Ayoola Erinle
- Born: Ayoola Erinle 20 February 1980 (age 46) Lagos, Nigeria
- Height: 6 ft 4 in (1.92 m)
- Weight: 16 st (102 kg)
- School: The Oratory School
- University: King's College London Loughborough University

Rugby union career
- Position: Centre
- Current team: US Carcassonne

Amateur team(s)
- Years: Team / Apps / (Points)
- 2002 ‐ 2007: King's College Rugby Club
- 2007 ‐ 2009: Henley Hawks
- –: Reading RFC
- –: Loughborough Students RUFC

Senior career
- Years: Team / Apps / (Points)
- 2000–2007: London Wasps / 106 / (130)
- 2007–2009: Leicester Tigers / 23 / (25)
- 2009–2011: Biarritz Olympique / 21 / (5)
- 2011–2012: Nottingham / 22 / (30)
- 2012–: US Carcassonne / 9 / (20)
- Correct as of 5 December 2012

International career
- Years: Team / Apps / (Points)
- 2009: England / 2 / (0)

National sevens team
- Years: Team /  / Comps
- England Sevens

= Ayoola Erinle =

England international rugby union player

Ayoola Erinle (born 20 February 1980 in Lagos, Nigeria) is known for being an England international rugby union player. He was educated at The Oratory School and at King's College London, representing both his school's 1st XV and the King's College Rugby Club's 1st XV. He played professional rugby for clubs such as Wasps RFC, Leicester Tigers and Biarritz Olympique, and later worked his way through the ranks to represent England in 2009. In 2013, upon retirement, Erinle returned to education, studying Engineering Physics at Loughborough University where he achieved a First Class master's degree.

==Career==
A runner, Erinle was one of the biggest centres in the Premiership. He was a member of the England Saxons side that won the 2007 Churchill Cup, having already represented his country at that level in 2005 and 2006, as well as on the England Sevens on the rugby sevens circuit aged just 19. He gained Sevens honours again in 2008 and was a close challenger for the Premiership top try scorer three years earlier in the 2003-04 Zurich Premiership.

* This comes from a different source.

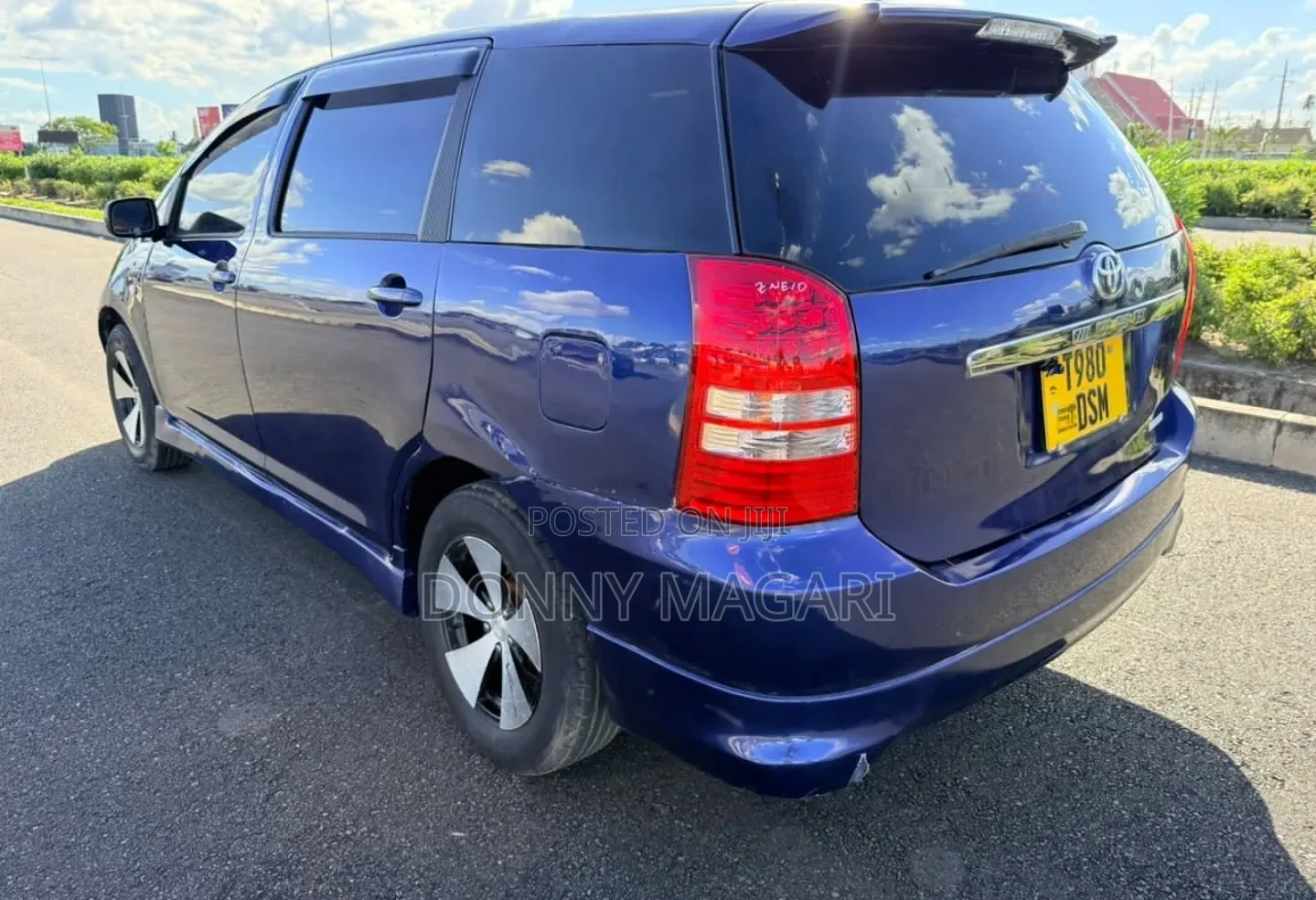 Toyota Wish 2006 Blue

Before joining London Wasps in 2000, Erinle played for local team Reading RFC.

Erinle spent seven years at Wasps and his finishing power brought eleven tries in nineteen appearances for Wasps during the 2004–05 season, while his final total reads 26 tries in 106 games for the club. He helped Wasps win a hat-trick of Premiership titles in 2003, 2004 and 2005, playing in all three finals (2003 and 2004 as a replacement and starting in 2005). He was also a replacement when Wasps won the 2004 Heineken Cup Final.

In 2007, Erinle joined the Leicester Tigers. At the end of his first season at Leicester he faced his former team Wasps in the Premiership final, and Wasps emerged triumphant denying Erinle a fourth title. However the following season Leicester got to the final again and this time defeated London Irish. Erinle started the final.

In 2009 it was announced the Erinle had signed with French team Biarritz Olympique.

On 4 November 2009, he was named in the 22-man England squad to face Australia in the 2009 Autumn internationals. After winning his first cap as a replacement against Australia, Erinle was named in the starting XV for the game against the All Blacks.

In August 2011 he joined Nottingham in the Aviva Championship, joining up with Director of Rugby Glenn Delaney for a second spell.

In August 2012 he joined US Carcassonne in the Pro D2.

==Personal life==
During his time at Leicester, Erinle and teammates George Chuter, Dan Hipkiss and Sam Vesty, performed as a band to raise money for the Matt Hampson Trust. In this band (named "Slo Progress") Erinle was the drummer.

In October 2003, Erinle appeared three times as a contestant on British game show Countdown.